**WORK TO BE COMPLETED:** Please retype all of the entries that follow, leaving the images out.

**SOURCE RECORDS:**
──────
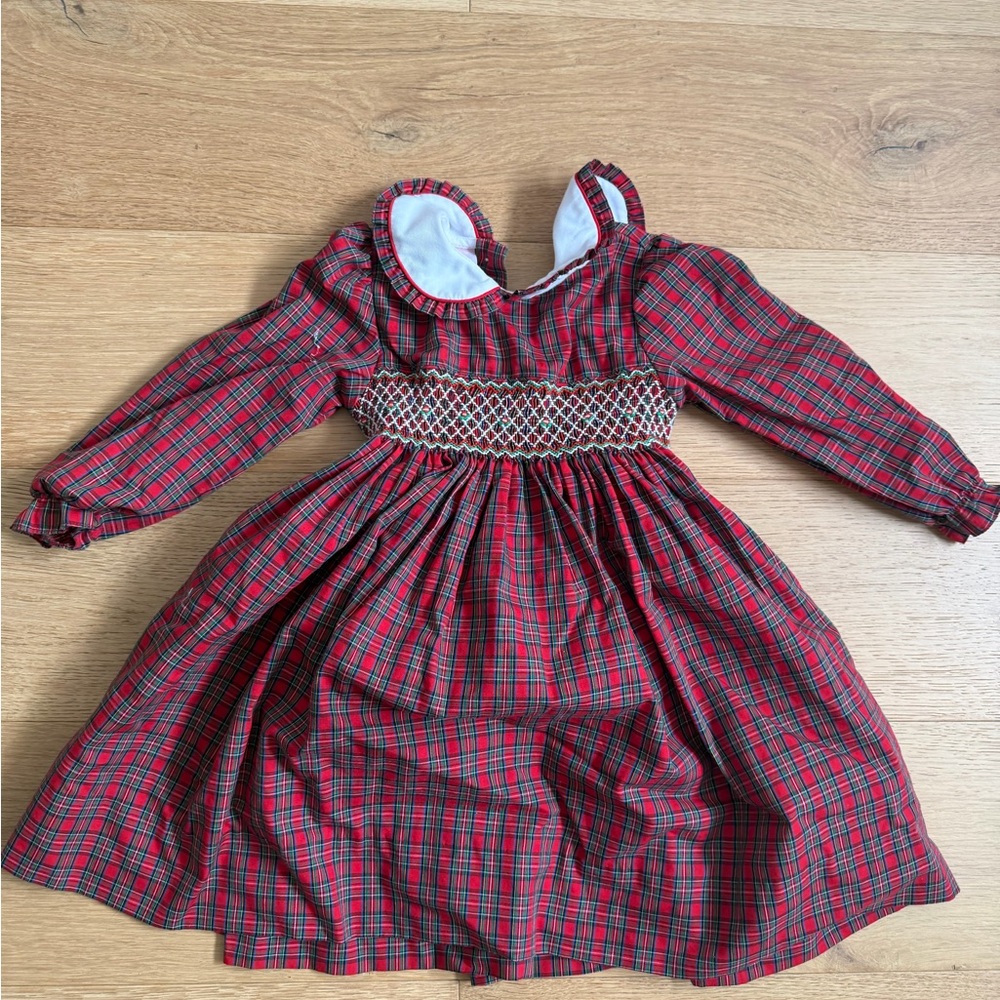 Petit Bebe Plaid Smocked Dress
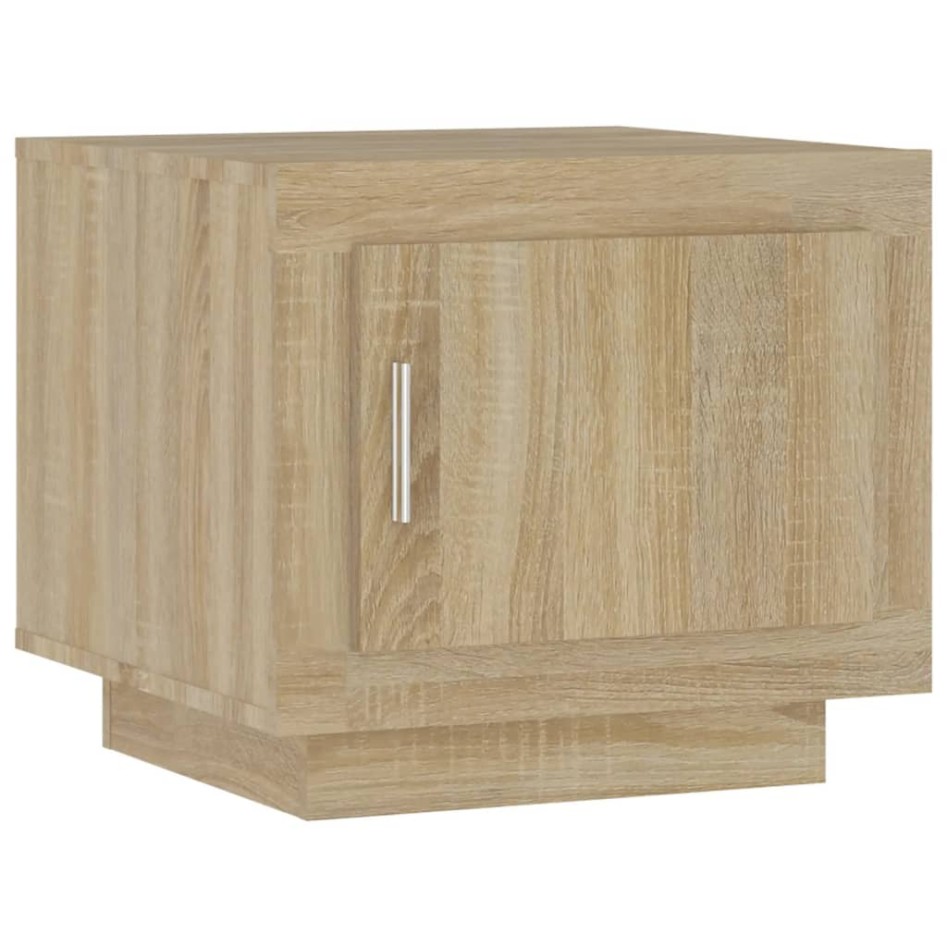 Mesa de centro madera de ingeniería roble Sonoma 51x50x45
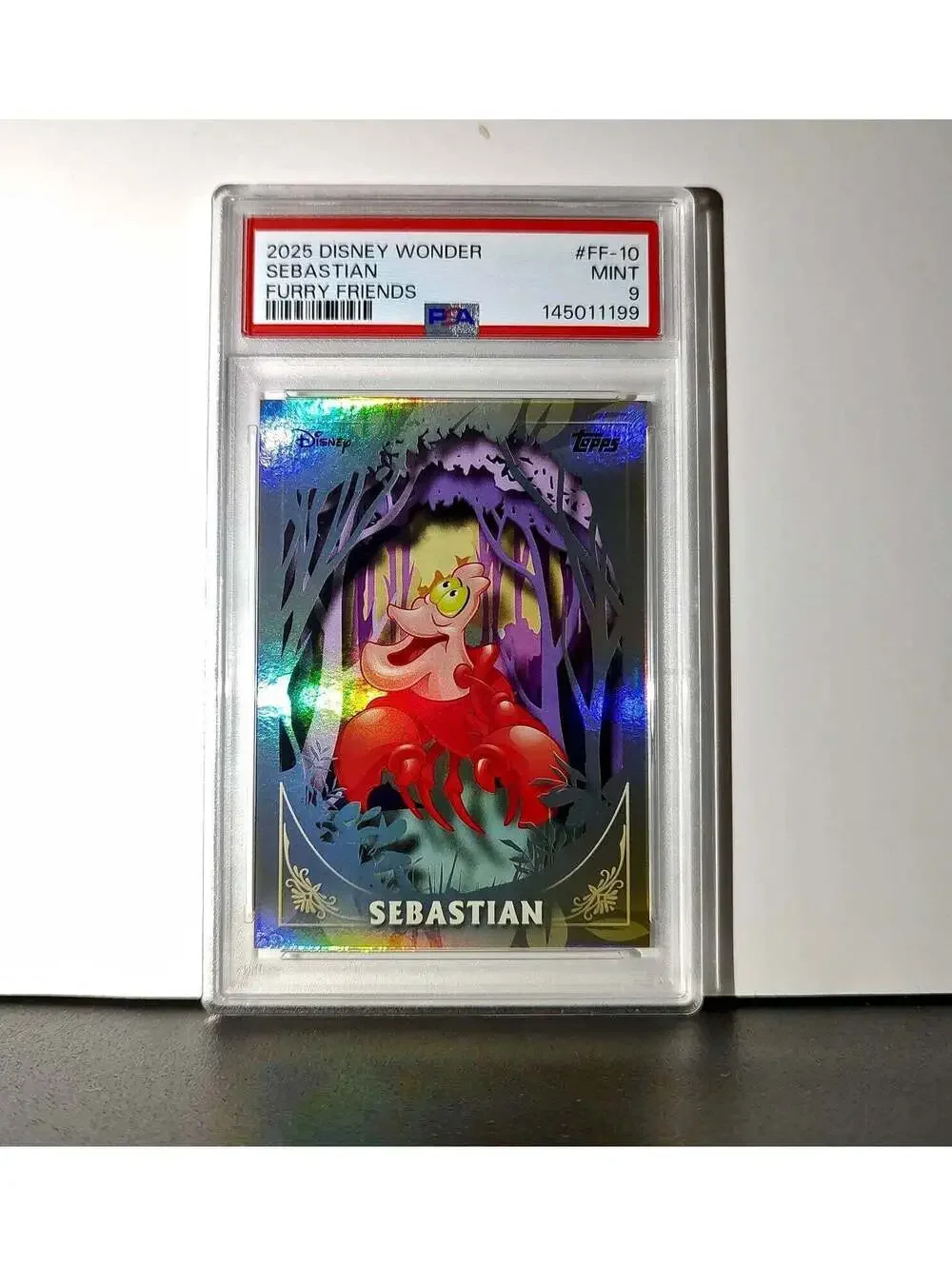 Sebastian 2025 Topps Disney #FF-10 Furry Friends Card The Little Mermaid PSA 9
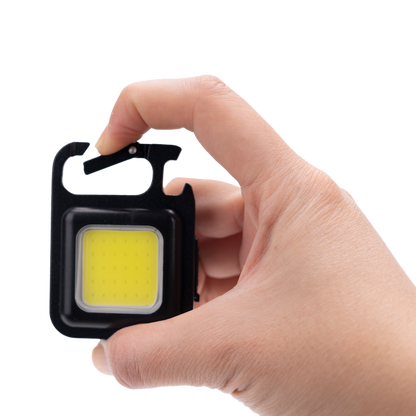 LED Multifunktionsleuchte "Akkuclip" - aufstellbar - hängbar - Magnet auf der Rückseite - ultrahell - schwarz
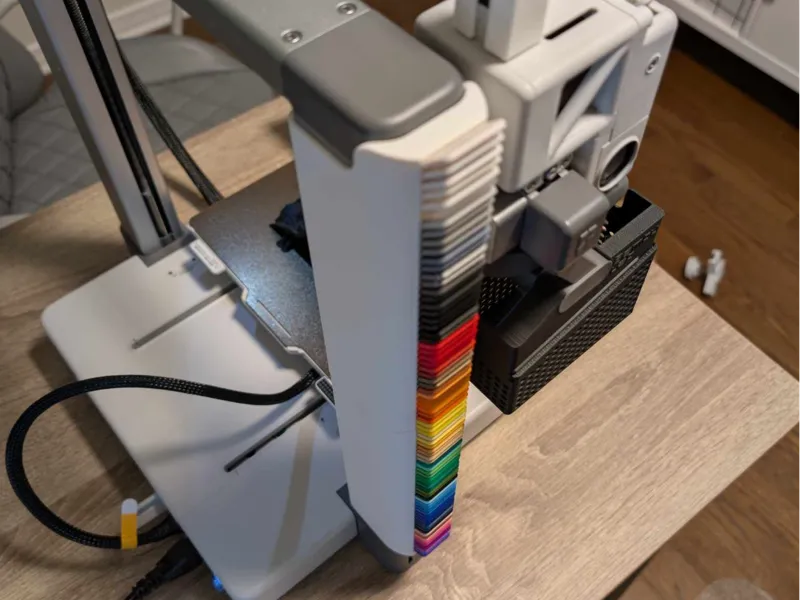 A1 Z Pillar Swatch Rack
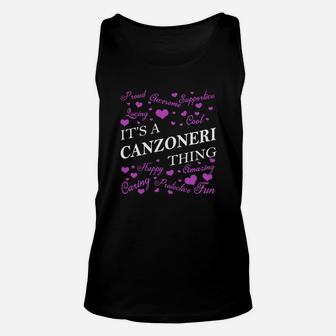 Canzoneri Shirts - It's A Canzoneri Thing Name Shirts Unisex Tank Top - Seseable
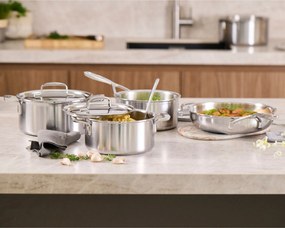 Demeyere 5-Plus Potten- en pannenset, 4-delig - 5-Plus - Demeyere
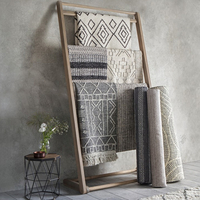 Rug Wooden Display Stand In Oak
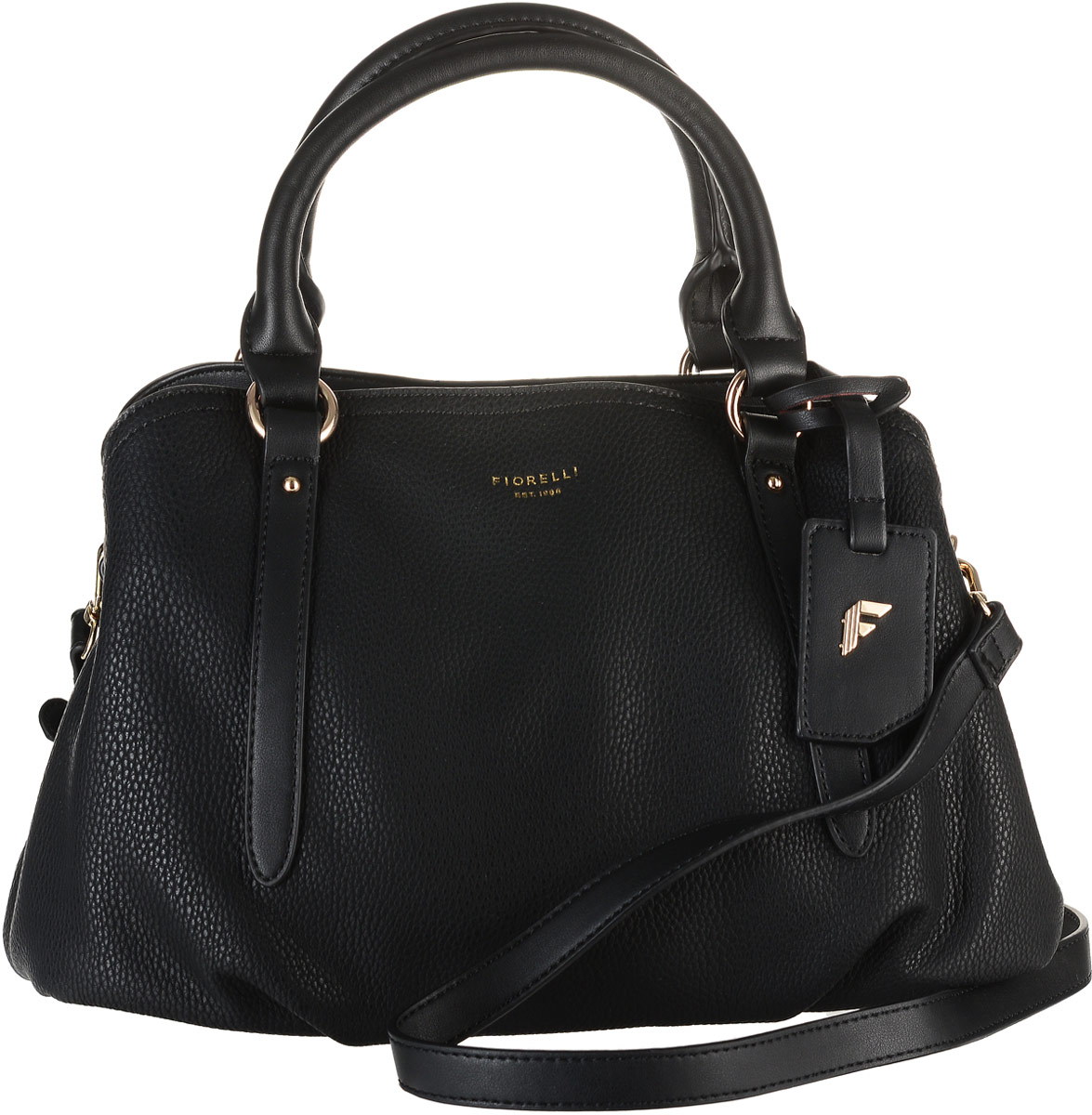 Сумка женская Fiorelli, цвет: черный. 8586 FH8586 FH Black Сумка женская Fiorelli, цвет: черный. 8586 FH8586 FH BlackСтильная женская сумка Fiorelli выполнена из мягкой искусственной кожи с зернистой фактурой, дополнена золотистой фурнитурой и подвеской с символикой бренда. Изделие имеет три вместительных отделения, два из которых закрываются на магнитные застежки, а центральное - на застежку молнию. Внутри имеется прорезной карман на молнии и два открытых пришивных кармана для телефона и мелочей. Сумка оснащена съемным плечевым ремнем из искусственной кожи, который регулируется по длине. Роскошная сумка внесет элегантные нотки в ваш образ и подчеркнет ваше отменное чувство стиля. Дизайн продукции Fiorelli разрабатывается в Лондоне молодой, амбициозной командой, идущей в ногу со временем и предлагающей модели, которые предназначены для любых случаев, как для выхода в свет, так и для рабочих будней, торжественных приемов или коктейльных вечеринок.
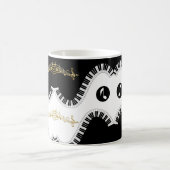 Black White Piano Muzieknoten Mok (Center)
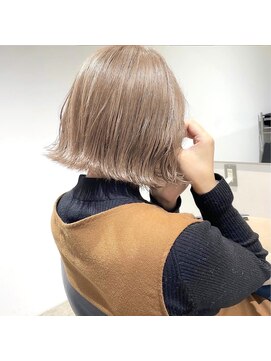 オレンジ(orange) 【大嶋】ハイトーン×切りっぱなしボブ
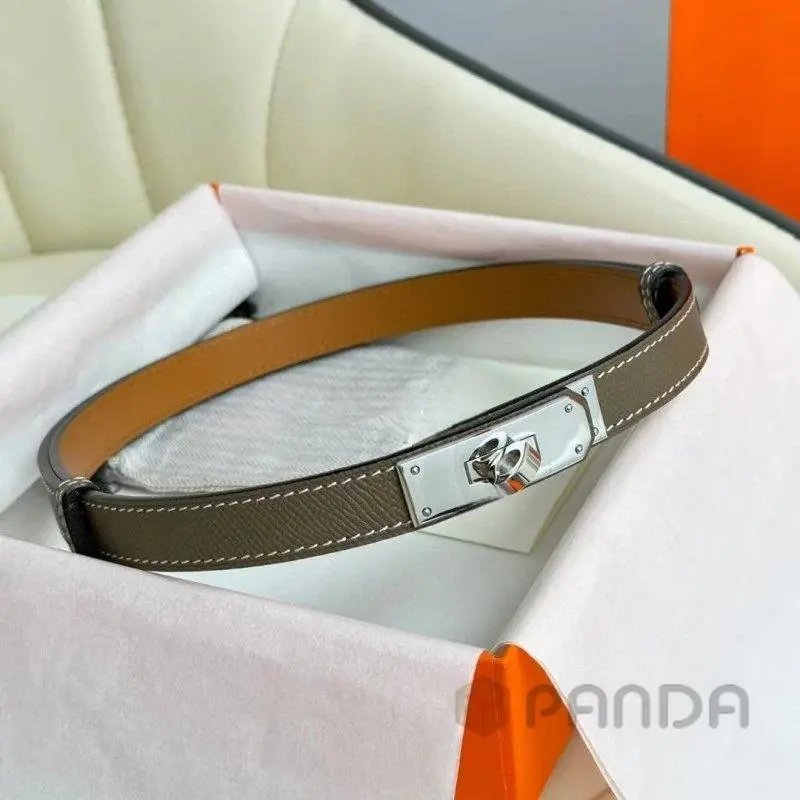 High quality first layer cowhide steel buckle women's belt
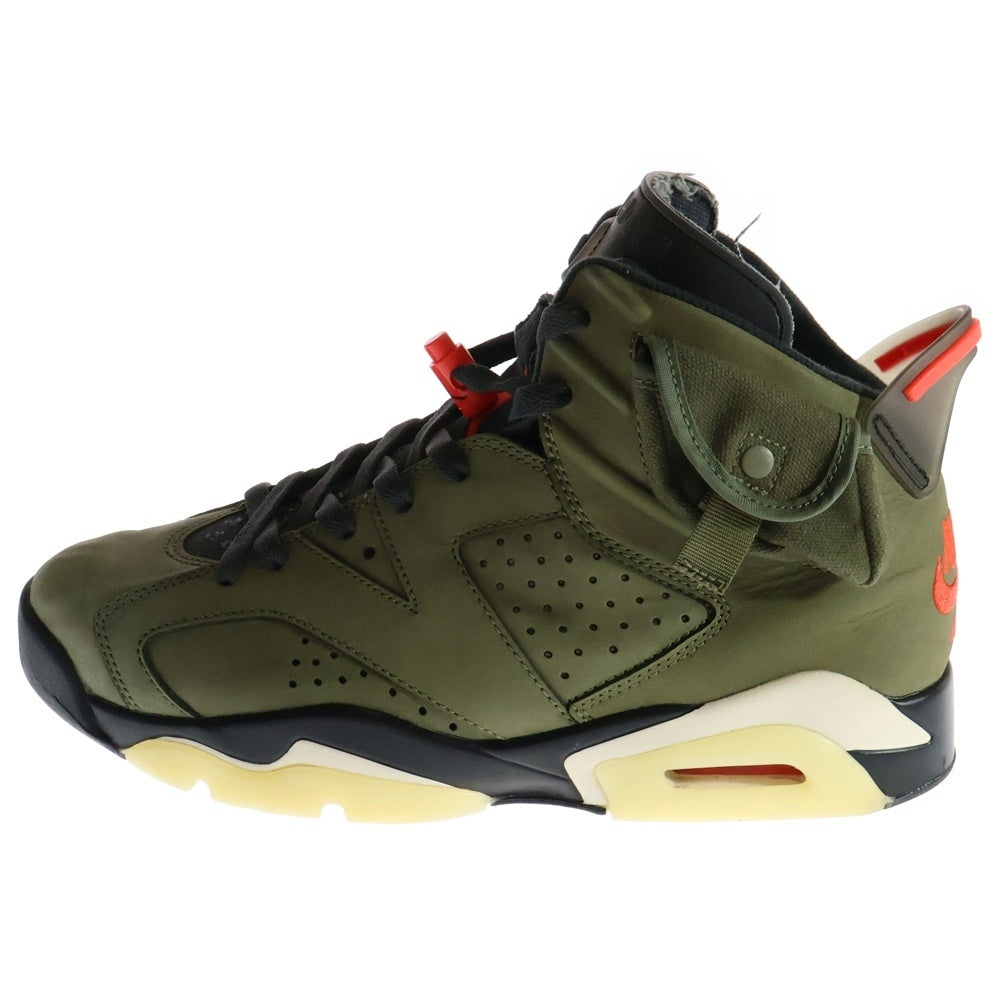 NIKE(ナイキ) ×TRAVIS SCOTT AIR JORDAN 6 RETRO SP CN1084-200 トラヴィススコット エアジョーダン6 ハイカットスニーカー US9.5/27.5cm カーキ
──────
**SOLUTION FOR THIS PROBLEM:**
 Petit Bebe Plaid Smocked Dress
 Mesa de centro madera de ingeniería roble Sonoma 51x50x45
 Sebastian 2025 Topps Disney #FF-10 Furry Friends Card The Little Mermaid PSA 9
 LED Multifunktionsleuchte "Akkuclip" - aufstellbar - hängbar - Magnet auf der Rückseite - ultrahell - schwarz
 A1 Z Pillar Swatch Rack
 Canzoneri Shirts - It's A Canzoneri Thing Name Shirts Unisex Tank Top - Seseable
 Demeyere 5-Plus Potten- en pannenset, 4-delig - 5-Plus - Demeyere
 Rug Wooden Display Stand In Oak
 Сумка женская Fiorelli, цвет: черный. 8586 FH8586 FH Black Сумка женская Fiorelli, цвет: черный. 8586 FH8586 FH BlackСтильная женская сумка Fiorelli выполнена из мягкой искусственной кожи с зернистой фактурой, дополнена золотистой фурнитурой и подвеской с символикой бренда. Изделие имеет три вместительных отделения, два из которых закрываются на магнитные застежки, а центральное - на застежку молнию. Внутри имеется прорезной карман на молнии и два открытых пришивных кармана для телефона и мелочей. Сумка оснащена съемным плечевым ремнем из искусственной кожи, который регулируется по длине. Роскошная сумка внесет элегантные нотки в ваш образ и подчеркнет ваше отменное чувство стиля. Дизайн продукции Fiorelli разрабатывается в Лондоне молодой, амбициозной командой, идущей в ногу со временем и предлагающей модели, которые предназначены для любых случаев, как для выхода в свет, так и для рабочих будней, торжественных приемов или коктейльных вечеринок.
 Black White Piano Muzieknoten Mok (Center)
 オレンジ(orange) 【大嶋】ハイトーン×切りっぱなしボブ
 High quality first layer cowhide steel buckle women's belt
 NIKE(ナイキ) ×TRAVIS SCOTT AIR JORDAN 6 RETRO SP CN1084-200 トラヴィススコット エアジョーダン6 ハイカットスニーカー US9.5/27.5cm カーキ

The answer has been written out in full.